I believe in bedtime stories. I read to Big Girl every night until just recently, when she started wanting to continue reading something she was also reading during the day. But I would read to her now if she asked -- we've completed many chapter books together and I love that time at night when I read to her. It's calm, it's quiet, and it's full of good stories and great memories.
I've continued the tradition with the twins, although admittedly it is much harder. I can't sit with them in my lap like I did with her. They are much more apt to leave my lap and wander. And they are still in their cribs, so I can't sit on one of their beds yet either. So I plop myself on the floor, between the two cribs, and they sit in their beds and watch and listen -- most of the time.
In many ways, reading at night is very routine to us. The routine started with Big Girl. Clean up faces and hands, change diapers, put PJs on, brush teeth, read three stories and tuck into bed. They know it, and they've known it for a while. They learn pretty quick.
And they already ask for certain characters, or certain book. Curious George and Clifford and Little Bear and shape books and color books and all the good ones that I don't mind repetitively reading night after night.
The last book of our bedtime story session is always, always, always Goodnight Moon by Margaret Wise Brown. I started that tradition with Big Girl, and it worked so well that I had to do it with the twins. (At one point in their short lives, it became apparent to Buddy Twin that this was always the last book before bed. When I read the first line in the book, he would start to cry in anticipation. He's OK with it now because this book is such a favorite. He gets very excited when he sees it and says "My Moon! My Moon!")
Reading the same book every night does not have to be boring. My husband and I may have the lines memorized by now, but it doesn't matter because so do the babies. I prompt them to fill in the last words of each page, which makes it a game. Sometimes, I "sing" the story to them. And although it's a little harder with two kids in two cribs, I try a tradition I started with Big Girl: On each two-page color spread in the book, we have to find the mouse. The mouse is always in a different spot.
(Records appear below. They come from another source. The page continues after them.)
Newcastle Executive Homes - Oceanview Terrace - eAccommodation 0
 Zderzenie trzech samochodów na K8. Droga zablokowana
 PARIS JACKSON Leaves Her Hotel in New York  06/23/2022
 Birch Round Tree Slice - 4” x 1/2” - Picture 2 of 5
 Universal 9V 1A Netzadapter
It's like a little game at storytime.
Of course, Goodnight Moon isn't the only bedtime book worth reading, even if it is tops in our house. Some of our other favorites include this one:
When the World is Ready for Bed by Gillian Shields has some really adorable watercolor illustrations by Anna Currey, and is a very easy, rhyming read that the kids love. We have the board book version. The story is about three little bunnies getting ready for bed and their routine, which is perfect to instill in little ones.
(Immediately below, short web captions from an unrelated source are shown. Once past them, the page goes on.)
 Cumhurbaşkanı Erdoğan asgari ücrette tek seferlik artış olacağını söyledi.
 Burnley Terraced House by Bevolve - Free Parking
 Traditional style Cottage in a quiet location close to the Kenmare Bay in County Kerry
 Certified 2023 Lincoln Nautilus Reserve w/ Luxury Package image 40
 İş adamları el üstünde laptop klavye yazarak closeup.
We also like The Night Night Book by Marianne Richmond. The book is another rhyming story that says "night night" to many things, similar to Goodnight Moon. Whatever book you choose as your signature "goodnight" story, it will surely became part of a child's memory. Big Girl still has her original copy of Goodnight Moon on her bookshelf because she will likely never part with it. I hope someday she reads it to her own children, as well as many other of our favorites, and continues the tradition we started 10 years ago.